Social Anxiety Disorder is pretty much what it sounds like. It is a disorder where a person has an extreme fear of social situations. People with SAD spend a significant amount of time worrying about being scrutinized by others. It isn't always just about people judging them. It's about this hyper-judging thing that social anxiety tricks the brain into believing really happens.
For example: While I am waiting for my daughter to finish her dance class, I sit in the waiting room with other parents. Often times, the other parents will be holding conversations among themselves. Even if I have something to contribute to a conversation, I will sit there quietly (usually playing a game on my phone) until someone brings me into the conversation. I don't jump into the conversation myself because, in the back of my mind, I believe that these nice people will hate me for barging into their personal conversation. (And note, these aren't usually super personal conversations. It's usually about school or an upcoming event.) I don't want to be hated so I simply say nothing.
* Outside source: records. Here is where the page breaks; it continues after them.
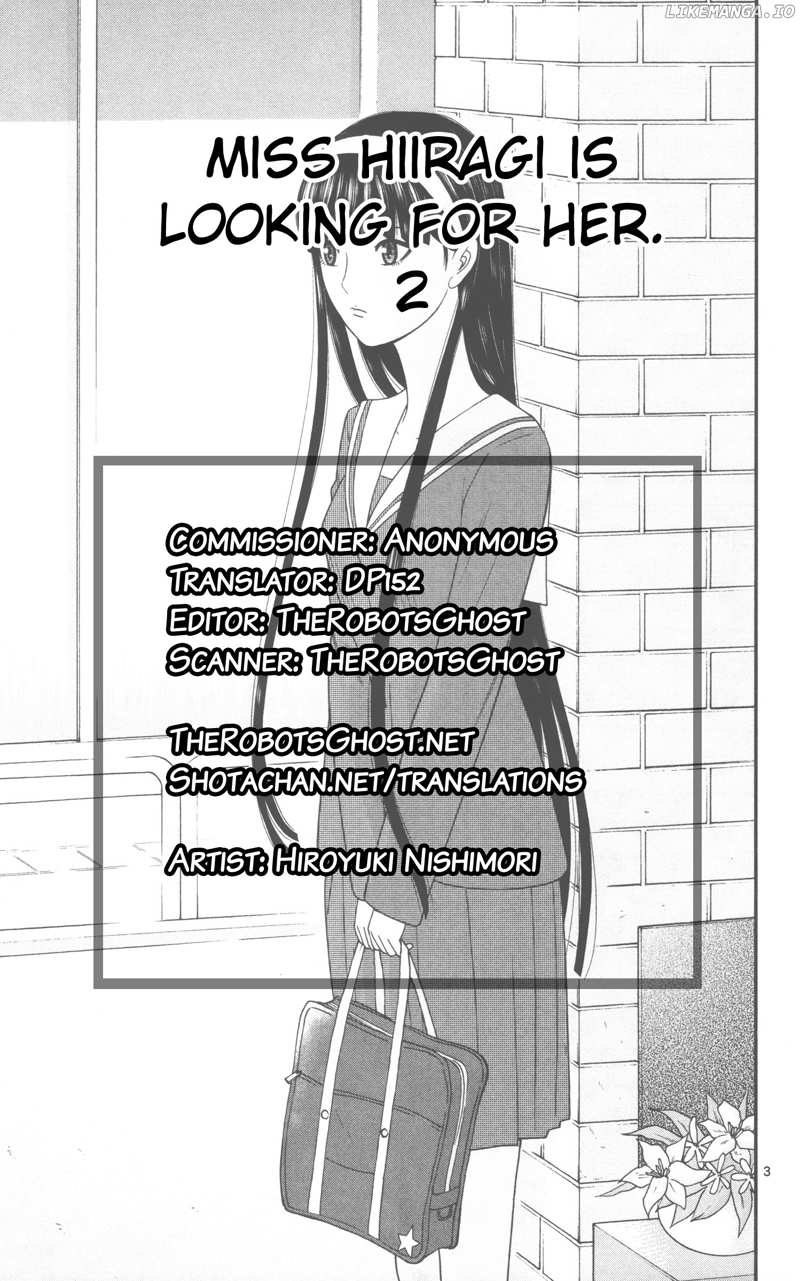Hiiragi-Sama Is Looking For Herself Chapter 18 - page 19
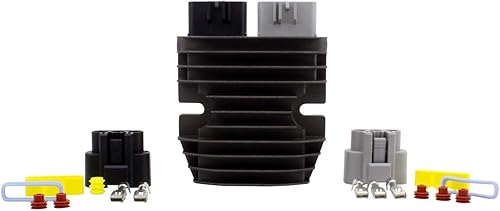 Miniatura 4 de RMSTATOR Repuesto para regulador Mosfet Yamaha YZF R1 1000 | V Star 950 1300 1700 | FZ-09 2002-2023# 1D7-81960-00-00 / 1D7-81960-01-00 / 27D-8199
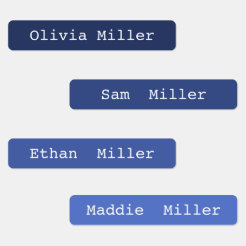 Name Labels | Zazzle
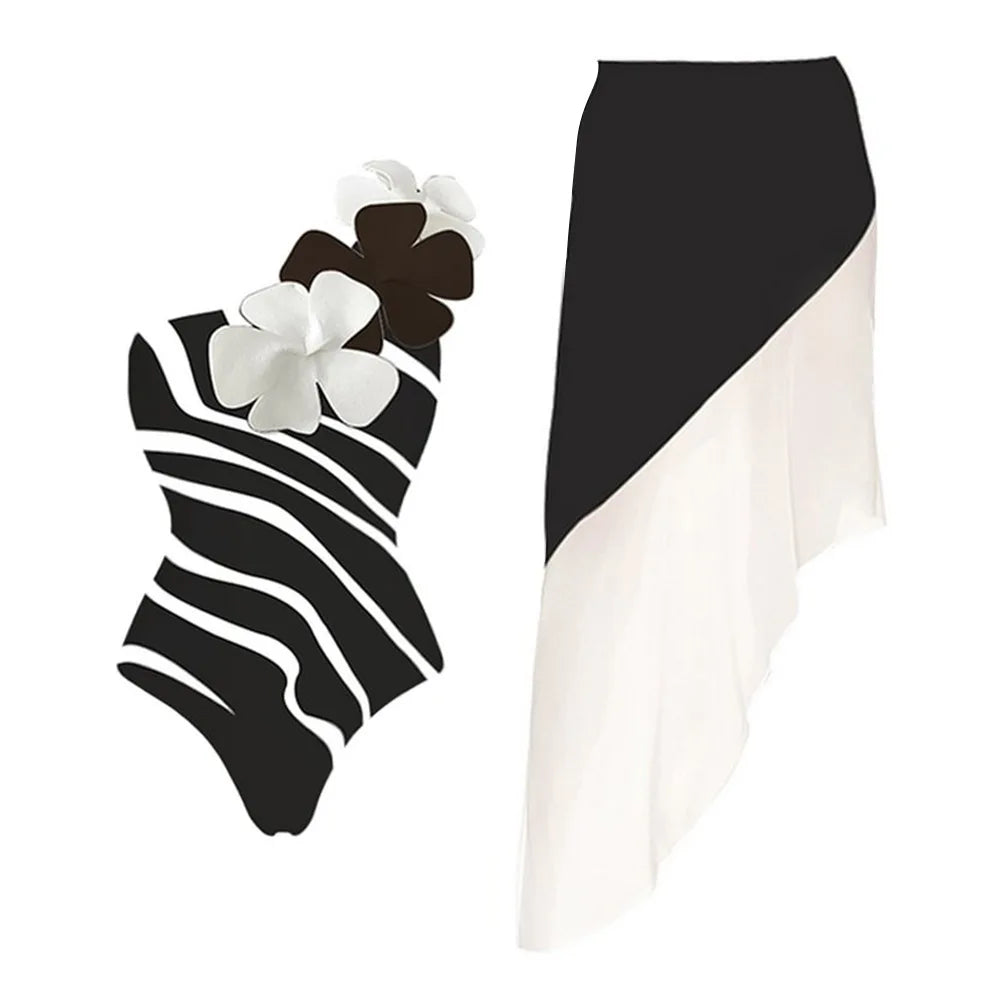 2023 New Arrival Push Up Women Bikini Set Floral Printed Ruffle Bikinis Strappy Bandage Swimwear Brazilian Biquini Bathing Suit SS69 32.69 CY2599D2 / M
These are the extreme thoughts of the socially anxious person. It's not as simple as being uncomfortable in a situation. Situations where we have to interact with other people (sometimes including loved ones) are difficult and uncomfortable because of these dark thoughts inside our heads. We truly believe that others will despise us for inconsequential behaviors. That the person sitting next to us will think we are an awful human being for trying to include ourselves in their lives.
Yet, I try my best to overcome my inner thoughts. I sit in the waiting room while my daughter dances; I agree to attend parties once in awhile; I occasionally walk my daughter to the door when she goes to a friend's house to talk to the parents. I know what the triggers are for my anxiety and I do my best to avoid those situations. (I don't go into a social situation alone. I always have a 'social buddy' with me who will carry the conversation and allow me to step in when I want to.) And while I don't ask people to coddle me, I do ask for their patience. If you text me, know that I may not respond immediately. But only because I am trying to work up the courage to do so. If I ask you a question, know that it took me hours of agonizing whether or not I should ask the (usually simple) question. My heart knows that you do not hate me. My brain just hasn't caught on.
So feel free to invite me to events. Feel free to join me in the farthest corner of the room. You may not get more than a smile and a nod but there are a million unspoken words in those few motions. "Thank you for including me. Thank you for not leaving me alone. Thank you for understanding. Thank you for being a friend."